Political and business leaders preach that developing countries can “manufacture their way out of poverty” by tying themselves to the consumption paradigm of the global economy. What goes unmentioned is that this strategy primarily serves the interest of the West. The Washington Consensus, for example, advocates broad trade liberalization through privatization and increasing foreign direct investment (along with other structural adjustment strategies) as a “first stage policy reform” for developing countries to boost growth.
Let me be clear: These ideas were not formulated in the capitals of China, India, Indonesia, Brazil or Nigeria. There is an increasing awareness in these nations of the need for achieving sustainable growth over the long term.
The science on this matter is very clear: The world’s collective consumption rate is pushing our planet to the brink of ruin. Since the 20th century, the world embarked on a three-decade growth spurt, expanding its economy eightfold. The world’s population hit the seven billion mark in 2011 and is expected to reach ten billion before the end of the century (according to UN projections). Various reports suggest that in the next two decades, the resource intensity required to produce one unit of GDP will need to be reduced by 50% to 80% for a global population of 10 billion people to have a sustainable future.

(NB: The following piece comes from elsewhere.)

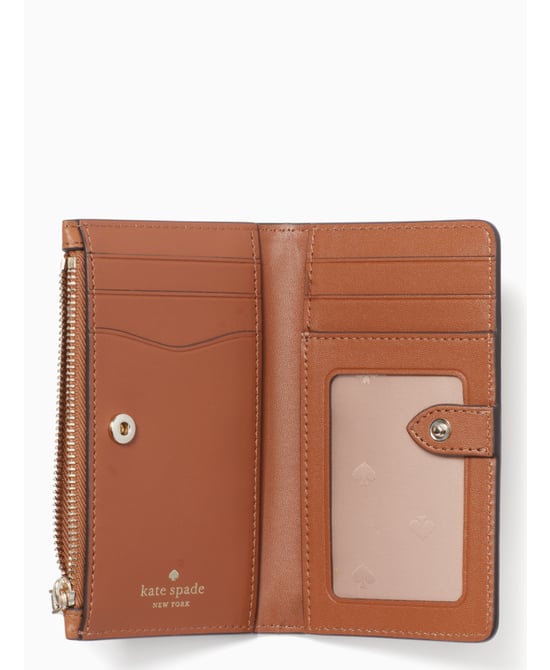 Leila Pebbled Leather Small Slim Bifold Wallet - Image 2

Against this background of resource constraints, the Chinese, Indians, Indonesians and Africans — who together account for just over half of the world’s population — are now seeking to join the world community as economic equals. They are encouraged to aspire to live like those in the West. In my view, that is, at best, a naïve undertaking. The catastrophic consequences of billions of new Western-style consumers is something that economists, politicians and governments of most developed nations are only now starting to come to terms with.
Yet, at the heart of the West’s state of denial is this question: How do you say to these billions that they cannot have it all because the much-vaunted economic model of the West is fundamentally flawed?
We should have a much more honest discussion. Asians and Africans need to stop believing that “their time has come” and that they will now write the new rules of the world economy. Perhaps so, but not without fundamentally changing it. Triumphalism over the West’s current woes must stop and be replaced by a realistic understanding that unless the governments in these nations change course, their own legitimacy will be challenged by growing social unrest.
The ultimate answer will require a redrawing of the entire notion of how we create human progress in an era of resource scarcity — and thereby also a redefinition of rights.
Editor’s note: This essay was adapted from the author’s presentation at the 2011 Salzburg Trilogue. Hosted by the Bertelsmann Stiftung in Germany, the Salzburg Trilogue facilitates international cultural dialogue by bringing together recognized public figures to consider matters of global importance.